In life, we also have to learn the tough lesson to stop caring what others think. Because if you constantly worry what others’ think, you cannot take care of yourself. You cannot get yourself to a point where you’re okay, and you’re in a position to help people.
My daughter, Corrie, would want me to write about the experience to hopefully help someone and share. She’d want me to talk about her, and not lock her memories away in the caverns of my mind.
Trust me. When I try to delegate her memories, my heartbreak, and all she is to me to a prison inside; she laughs somewhere. She appears whether I like it or not, and I’m forced to see her in the moments when I tell myself to put her aside because I must function.
When I saw a flower blooming outside our house, I heard, “Look at me, Mommy.”
When I took Hayes, my son, swimming and I did laps, two girls Corrie’s age did their little gymnastics meets dance moves. One wore a Wonder Woman bathing suit, and Corrie arrived center stage in my mind.
I didn’t want it at all.
But I heard her laughing.
The song slows down meaningfully on the verse:
“I danced on a Friday
when the sky turned black
It’s hard to dance
with the devil on your back.
They buried my body
and they thought I’d gone,
But I am the Dance,
And I still go on.”
“The Lord of the dANCE.”
Time does not stop even if I would trade my soul to get back every single moment and day of Corrie’s life before May 27, 2020.

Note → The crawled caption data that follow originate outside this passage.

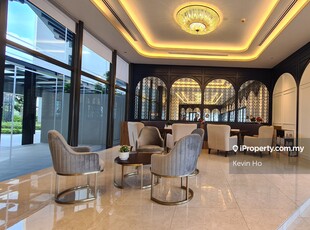 Brand new premium penthouse! 3 mins to Mid Valley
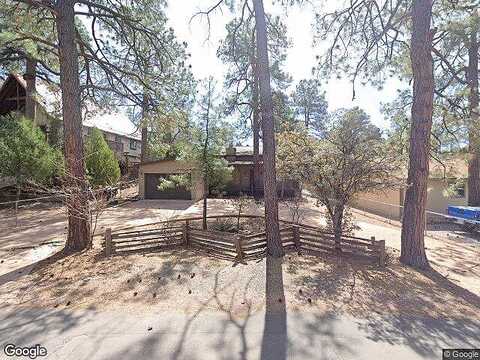 Timber, PAYSON, AZ 85541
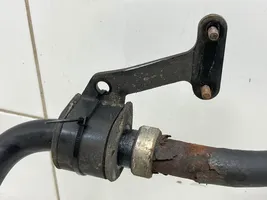 Toyota Avensis T250 Barra stabilizzatrice anteriore/barra antirollio 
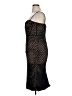 Bardot Black Cocktail Dress Size XXL - photo 5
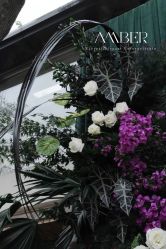 -琥珀婚礼策划AMBER WEDDING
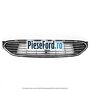 Grila radiator cromata cu camera an 05/2015-09/2019 Ford Galaxy 2015-2023 2.0 EcoBlue 4x4 150 cp YMCB diesel
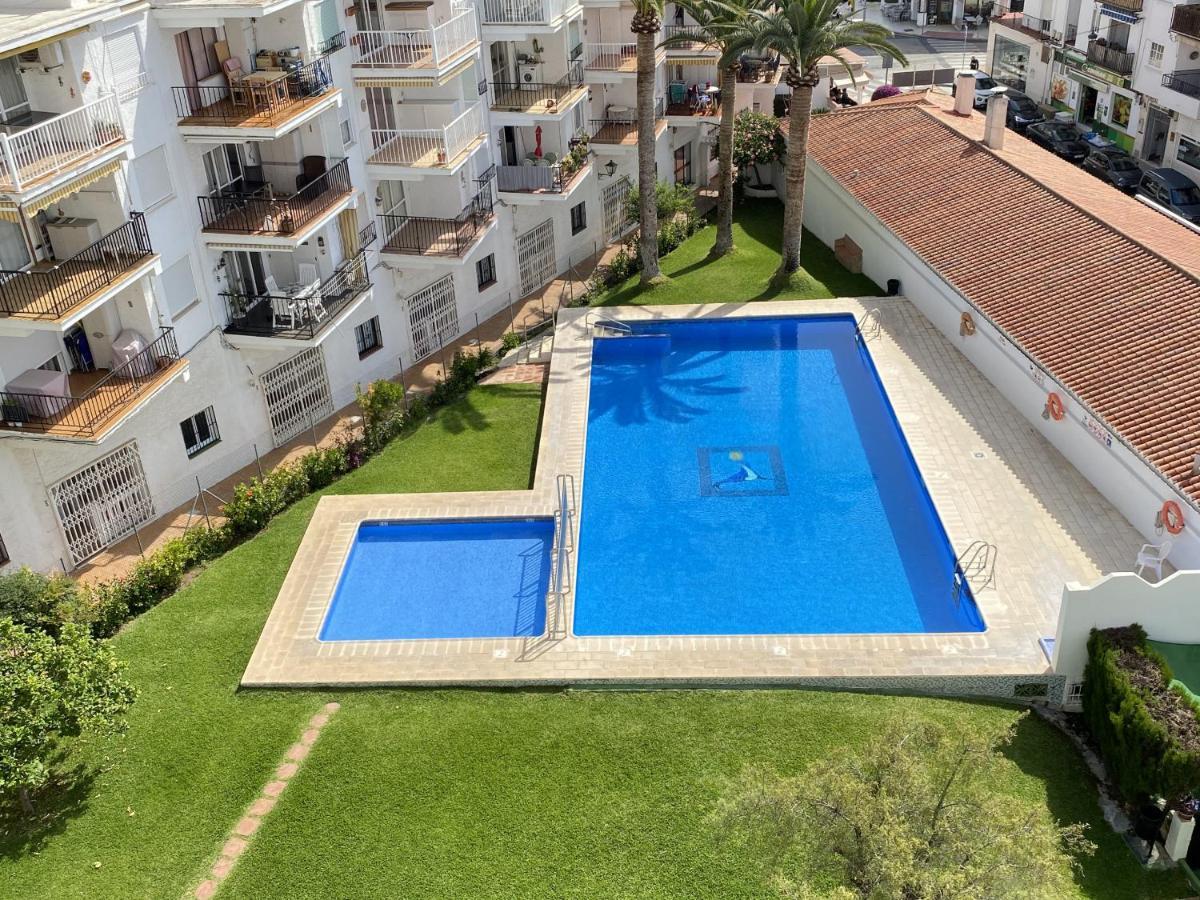 נרחה Coronado 73 Apartments Casasol מראה חיצוני תמונה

As the song says, “They cut me down/ And I leapt up high/ I am the life/ That’ll never, never die …”
“I’ll live in you if you’ll live in me …”
We cannot stop time. Sometimes we cannot be a part of celebrations around us.
We can make a choice even if it is not what people like or makes them uncomfortable.
We can dance even if it is not the same as it was before.
Because my daughter lives in me, and she is a “life that’ll never, never die.”

Thank you for sharing this song and your beautiful words that express how I feel on the loss of my daughter. I see & feel her in so many every day things.God be with us here on earth till we are reunited again in eternity ❤️
Thank you so much for reading and remembering Corrie!